About the job G03 - DevOps Engineer
We are seeking a Devops Engineer to join our Data and Artificial Intelligence Platforms (DAIP) team.
- DataHive as the next-gen WOG Data Discovery & Request Platform to cater to a wider range of WOG requirements and use cases. DataHive has been further enhanced to support both data requestors and providers as follows. 1) Data requestors/consumers will experience a streamlined data search and request process, with options to access data via curated APIs and through an analytics workbench. 2) Data providers can expect more flexibility and control in the management of datasets on the platform itself.
- Data products that compute and serve derived data for ops and service delivery for multiple agencies. By adopting the Build Once, Use Many Times approach for such data products, the intent is to achieve the benefit of cost-savings, better data quality and improving time-to-market for new services.

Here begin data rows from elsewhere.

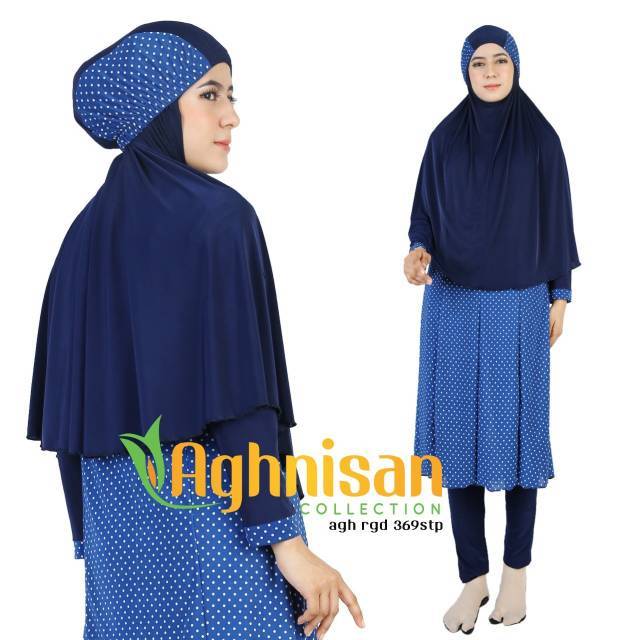  Baju  Renang Muslimah Muslimah Wanita Swimwear Panjang 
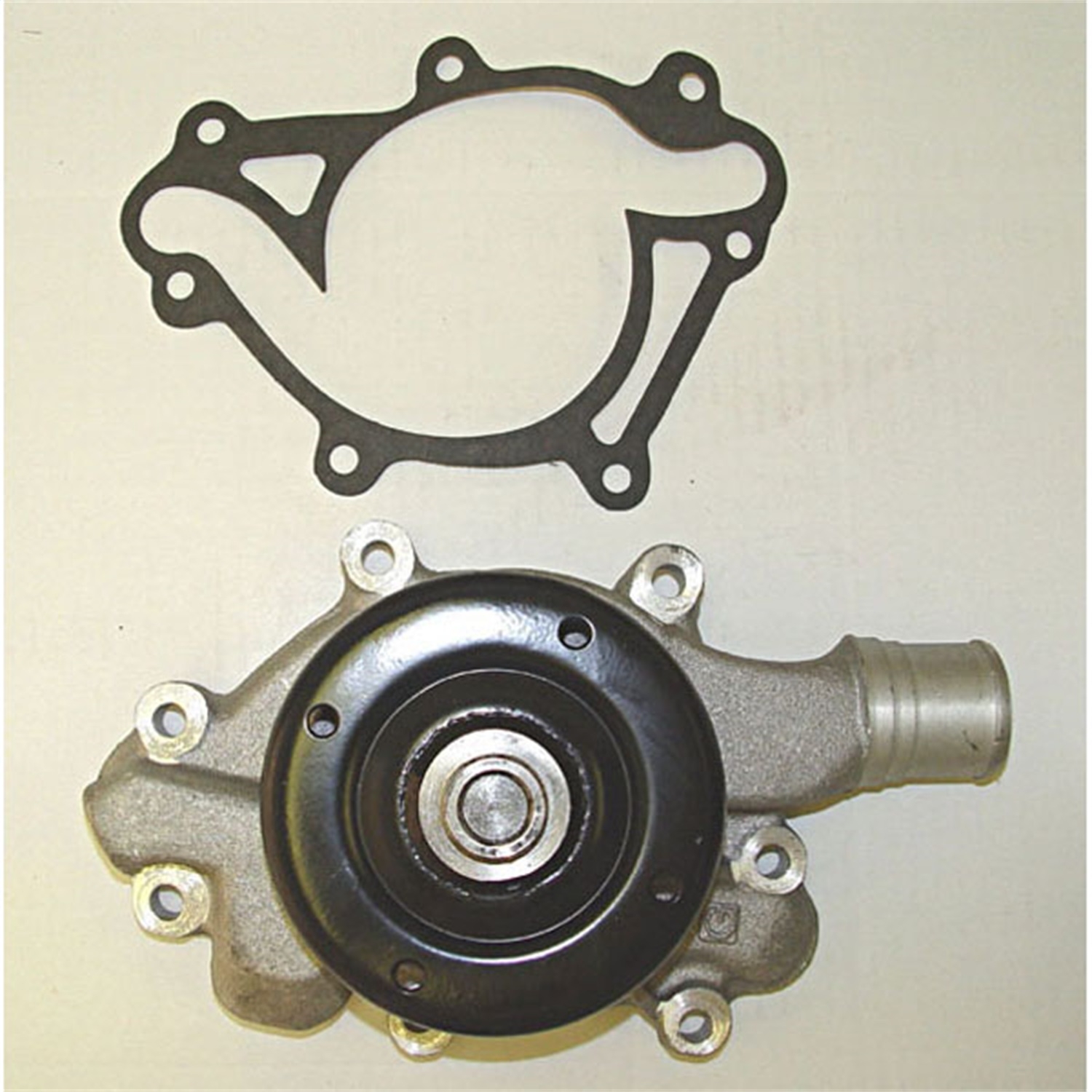 Omix This Replacement Water Pump From Omix Fits 93-98 Jeep Grand Cherokee With A 5.2 Liter Engine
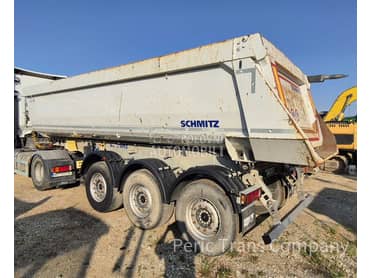 Schmitz Cargobull SKI 24 SL 7 2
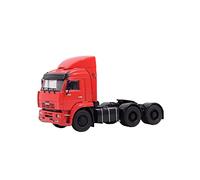 1 43 Per KAMAZ-6460 Collezione Di Modelli Di Trasportatore Di Ingegneria Camion Trattore Russo Veicolo Da Collezione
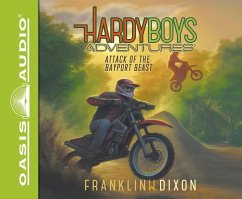 Attack of the Bayport Beast (Library Edition) - Dixon, Franklin W.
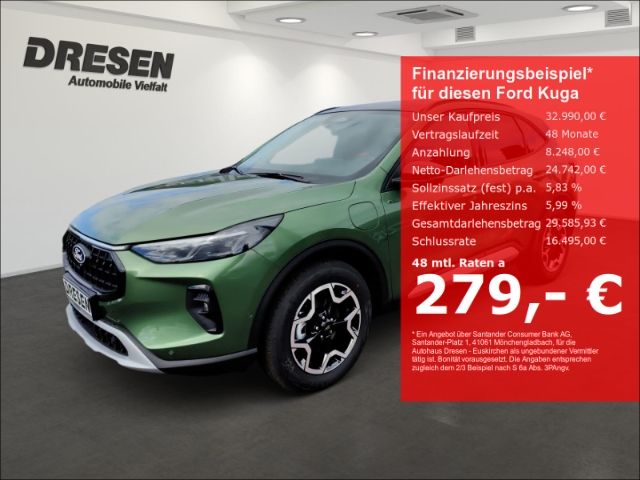 Ford Kuga 32.179 km 32.690 &euro; Euskirchen 53881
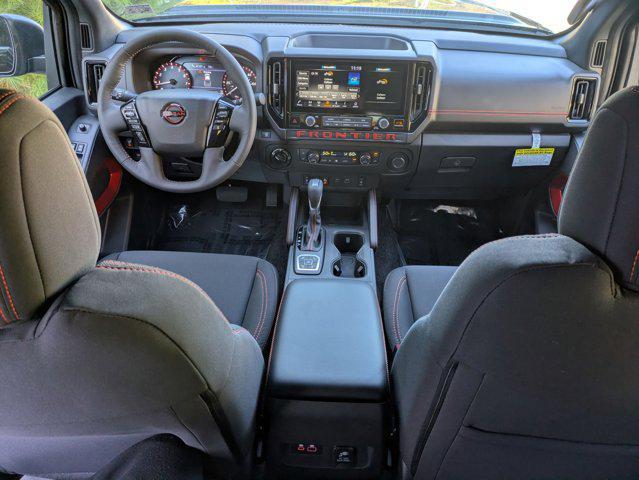 new 2026 Nissan Frontier car, priced at $43,207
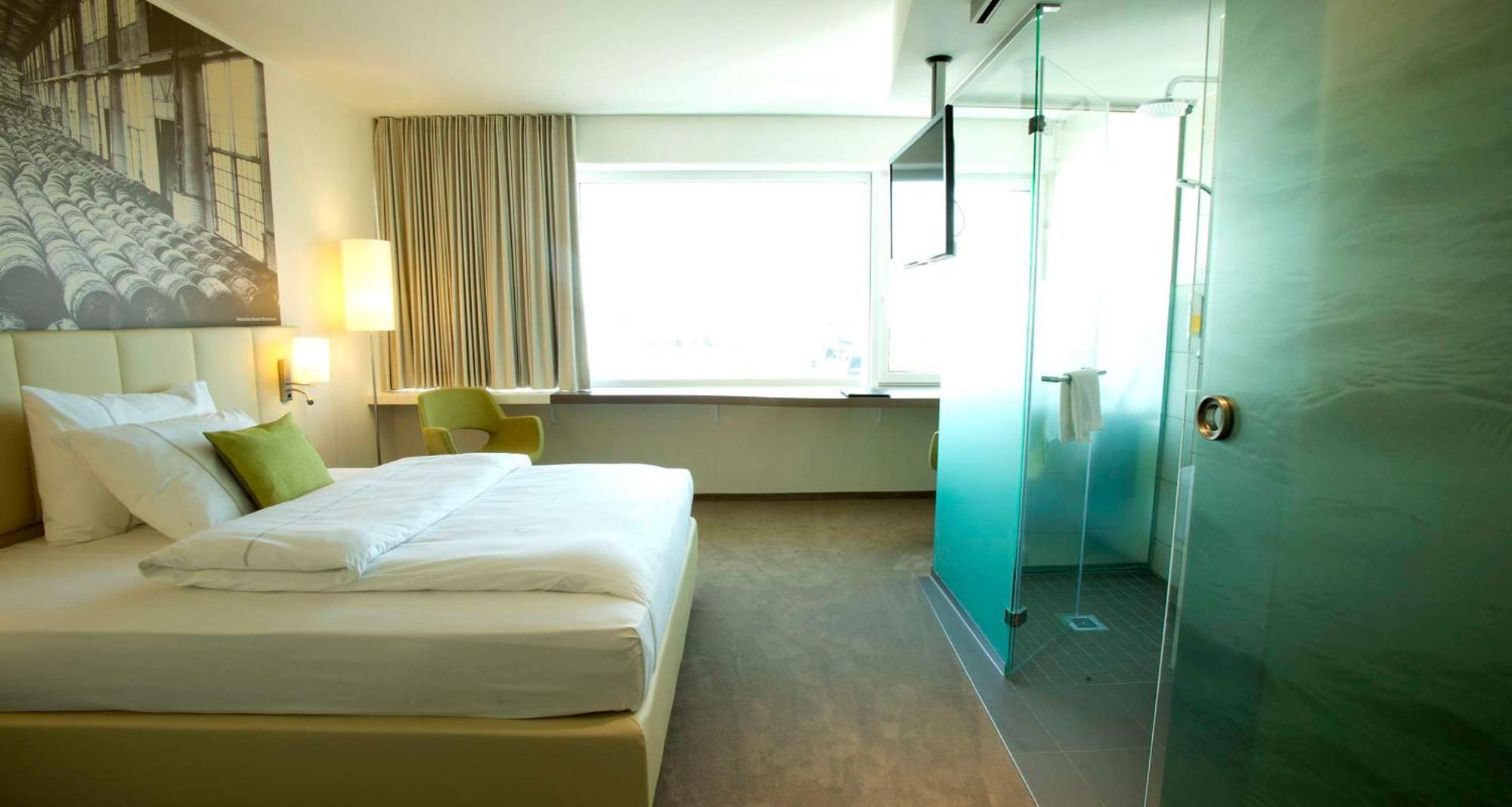 Best Western Plus Hotel Bremerhaven Exterior photo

- Fraud Detection Platform (FDP). FDP is a central platform for Grant Fraud Insights. It draws data from TC Business & Individual, combines it as a graph and generates insights on businesses and individuals for government grant, procurement and finance due diligence checks and audits.
What the role is
You will work on both small and large scale projects, building and maintaining the infrastructure behind them. The role includes:
- Managing the development, deployment, orchestration and maintenance of data pipelines for our Data Science products
- Providing DevOps architecture implementation and operational support
- Architecture and planning for cloud deployments (Private and Public cloud)
- Developing and managing processes, automation, best practices, documentation
- Development and operation of continuous integration and deployment pipelines.
What it is like working here
We build products that serve a variety of agency users, who use them to solve highly meaningful problems pertinent to our society, from transportation, to education, to healthcare. The public sector is full of opportunities where even the simplest software can have a big impact on peoples lives.
- Rapid Prototyping - Instead of spending too much time debating ideas we prefer testing them. This identifies potential problems quickly, and more importantly, conveys what is possible to others easily.
- Reliable Productization - To scale an idea, a prototype or a Minimum Viable Product to a software product, we scrutinize and commit to its usability, reliability, scalability and maintainability.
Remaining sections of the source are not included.